§ TASK:
With pictures removed, the data below should be returned exactly.

§ INFORMATION SHOWN:
----
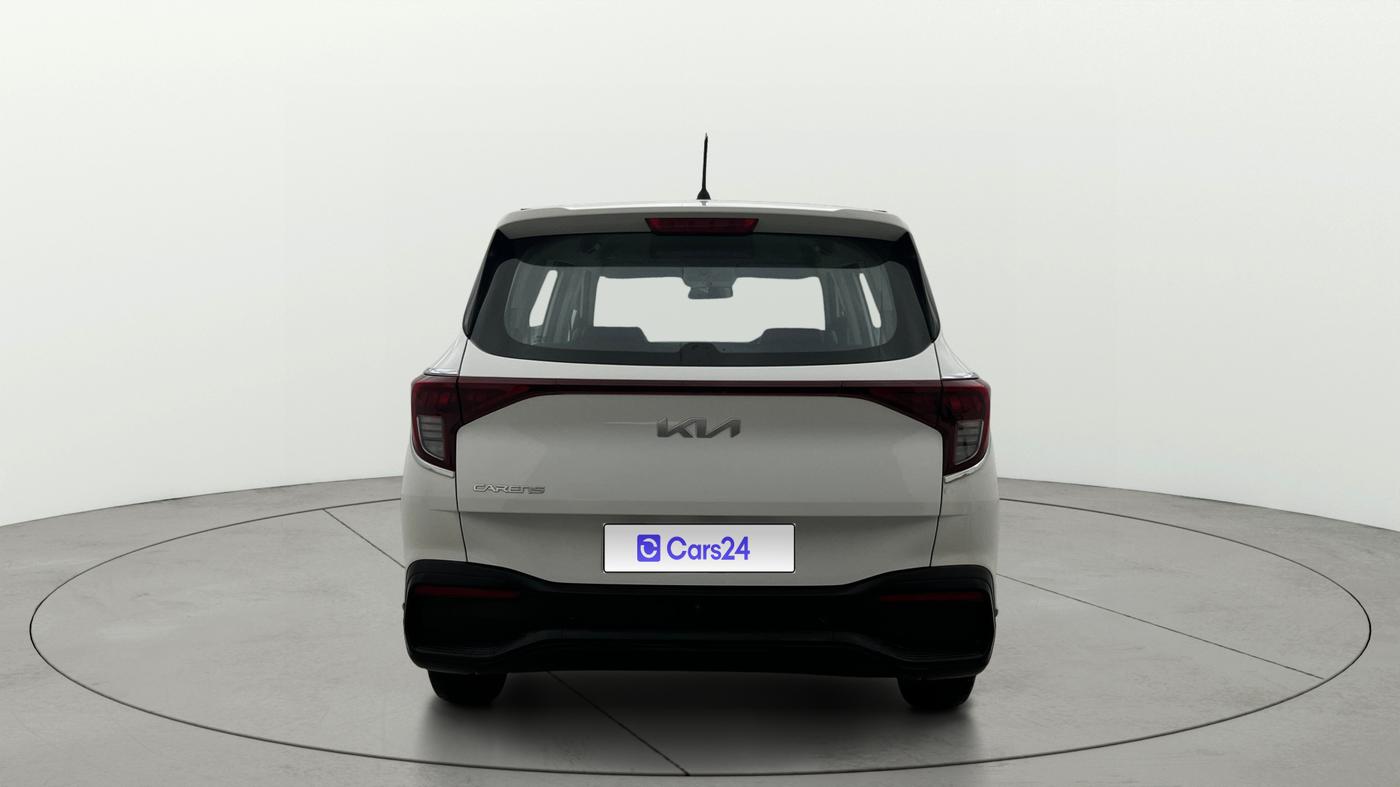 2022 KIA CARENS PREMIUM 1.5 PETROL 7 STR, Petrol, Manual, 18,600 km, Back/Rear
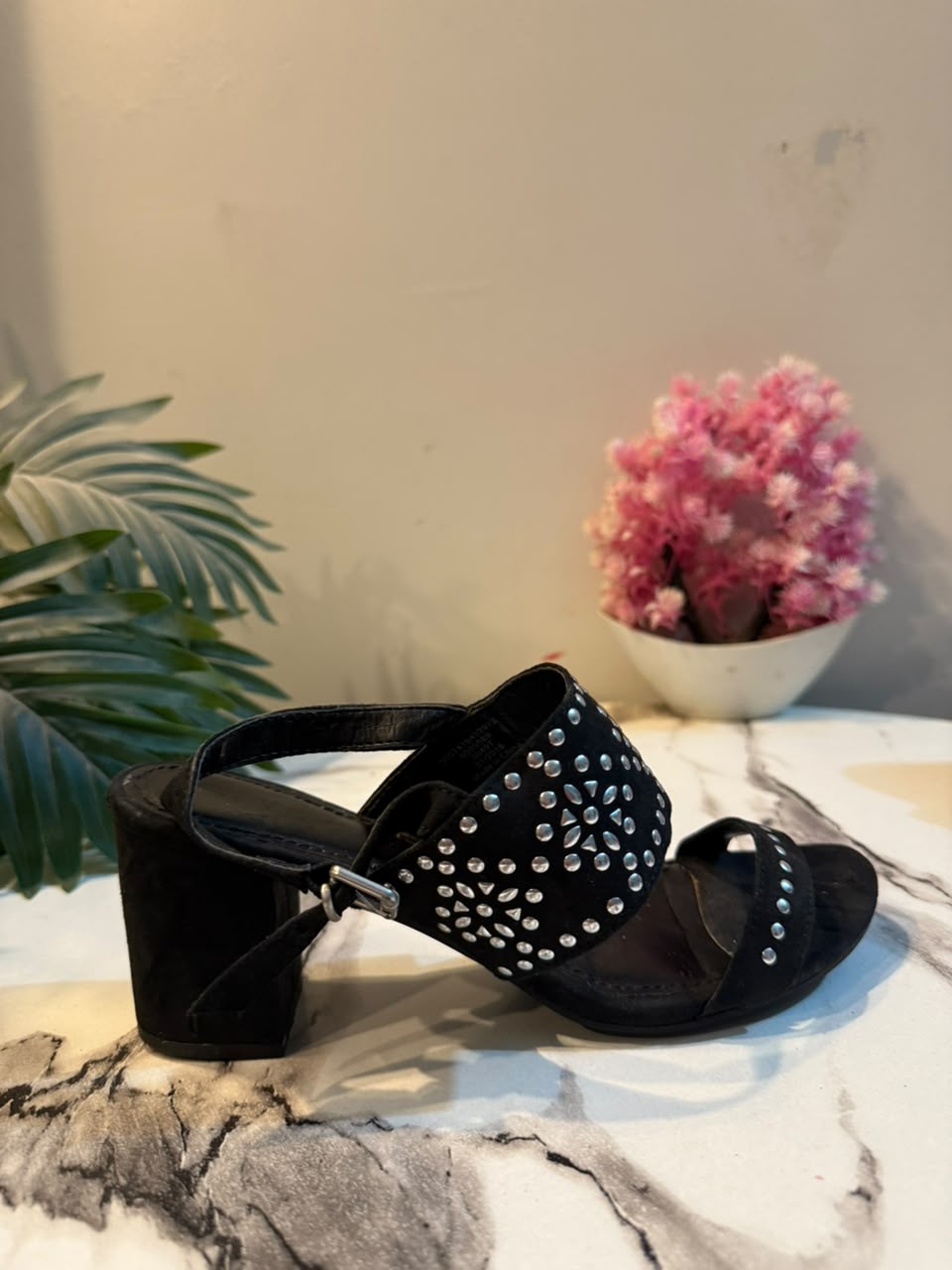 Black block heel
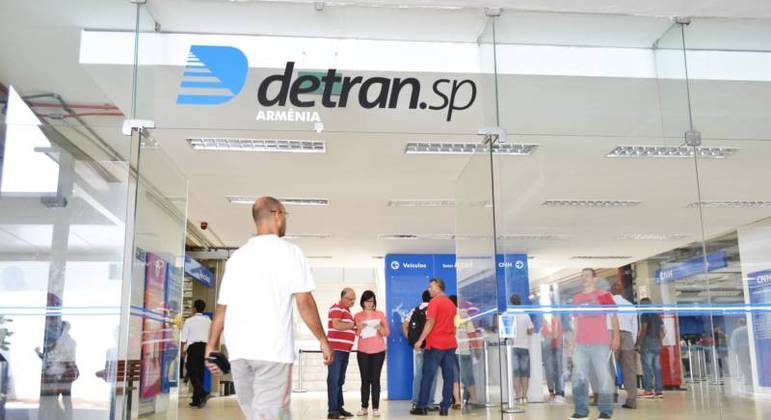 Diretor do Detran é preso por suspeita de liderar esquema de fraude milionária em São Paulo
----
§ SOLUTION FOR THIS EXERCISE:
 2022 KIA CARENS PREMIUM 1.5 PETROL 7 STR, Petrol, Manual, 18,600 km, Back/Rear
 Black block heel
 Diretor do Detran é preso por suspeita de liderar esquema de fraude milionária em São Paulo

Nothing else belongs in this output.